28-NOV-2013
Graciela Iturbide
I'm always looking for the accident of the surreal. The world around, as it is, creates these accidents. It's called unpredictability. So many surrealists create the accident whether through staged lighting or actors. Iturbide embraces the unpredictable.
This unpredictability is what draws me to Iturbide. She has worked all over the world but is best known for the photographic projects she has undertaken in her native Mexico since the 1970s. Like most convincingly surreal photographs, Iturbide’s are often ostensibly about something else: the lives of Zapotec people in the matriarchal communities of Juchitán, for instance, or the customs of Seri people in the Sonoran Desert. But out of these quasi-anthropological engagements, she arrives at images that seem to contain other forms of knowing. Her photographs are firmly of this world — birds in flight, children dressed up as angels, animals at the moment of sacrifice — but they have an expectant and otherworldly air.
Vivienne Flescher
Vivienne Flesher is an illustrator and photographer. Her photos are exceptional. She works in a collage sort of style.
Inspiring...
Mary Ellen Mark
Mary Ellen Mark is part of a group of photographers interviewed by Cheryl Dunn for a project she funded through Kickstarter called
EVERYBODY STREET. I have to confess that I'm not a fan of the cult of street photography. I like photographing in public, but the notion that somehow a "street" photographer is showing an image more charged or meaningful or "real" is absurd to me.

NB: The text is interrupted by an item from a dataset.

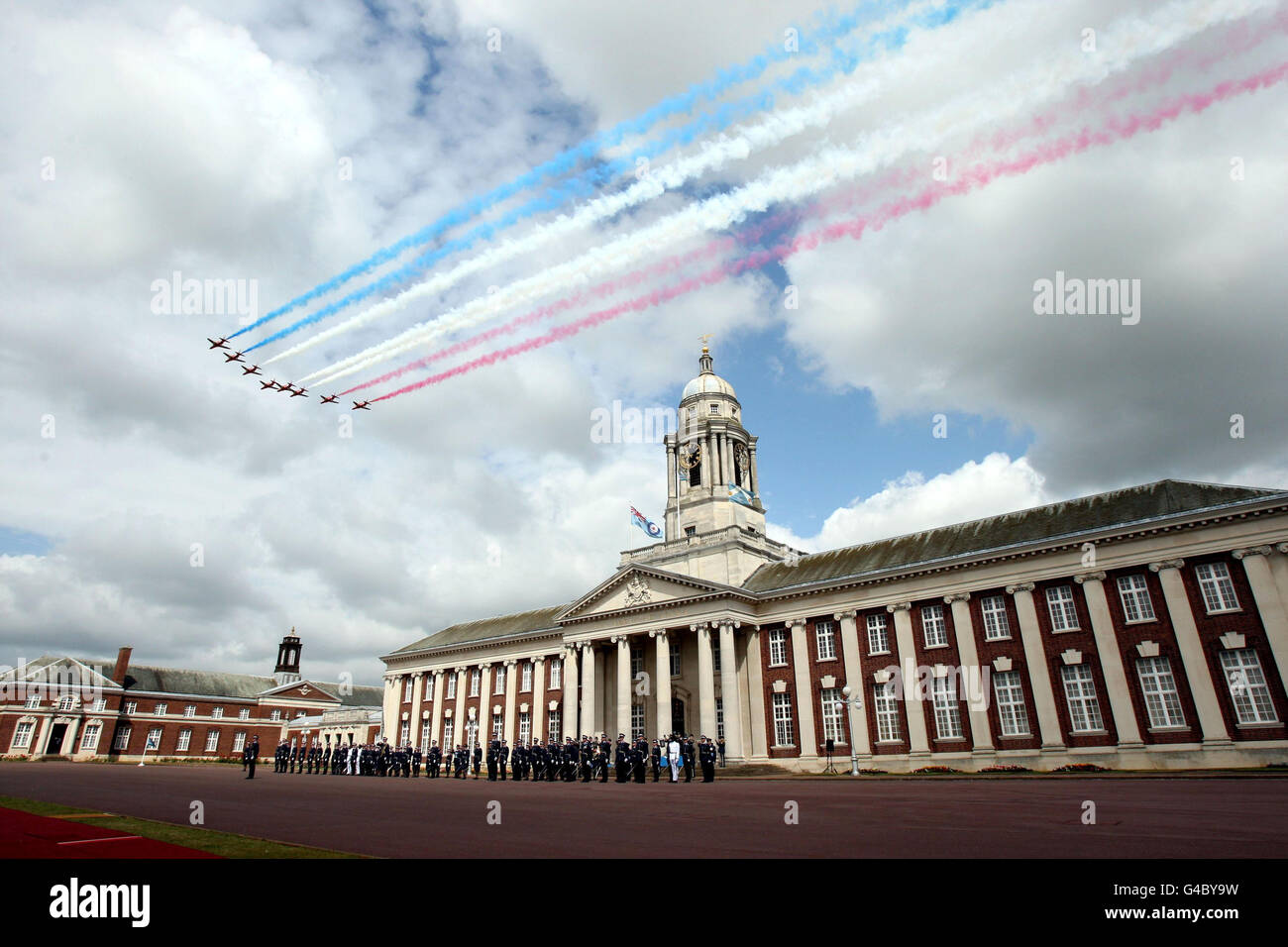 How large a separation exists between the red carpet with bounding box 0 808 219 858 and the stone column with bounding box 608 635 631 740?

I like some of Mark's work... and find the interview presented here interesting.
1965
Vivian Maier
I was searching for art galleries in Florida (a state bereft of the arts, for the most part) and came upon a new-ish photo museum(?) in Tampa that has
AN UPCOMING exhibit by
VIVIAN MAIER someone I've never heard of, but apparently the whole world has. It seems she made a body of work beginning in the 40s and into the late 80s and rarely showed her work to anyone. When she couldn't pay her storage fees any longer, her boxes of negatives and prints were sold at auction. Someone who was doing research for a local history book in Chicago bought some of her negatives, didn't find what he wanted, and put the boxes aside. When he finally looked at them he was overwhelmed by the work, didn't know what to do with it so he took his question to the group
HARD CORE STREET PHOTOGRAPHY on Flickr (which as a "heavily curated group" would have rejected Maier's work). The upshot is that fast forward just 4 years, and there have been numerous exhibitions and two books published of her work. I bought one by
JEFF GOLDSTEIN.
After reading it i can say that I know Vivian Maier. Intimately. Her work is personal and her eye is a woman's eye. She makes me want to buy a Rolleiflex and some 120 film.. Vivian Maier died and her obituary was posted just a day or so before the original buyer of her legacy finally got around to trying to locate her.
01-Sep-2009
Vanessa Winship
Mistakes in photography are accidental images that create distinctive opportunities for expression.
How will these mistakes happen with the purity of digital?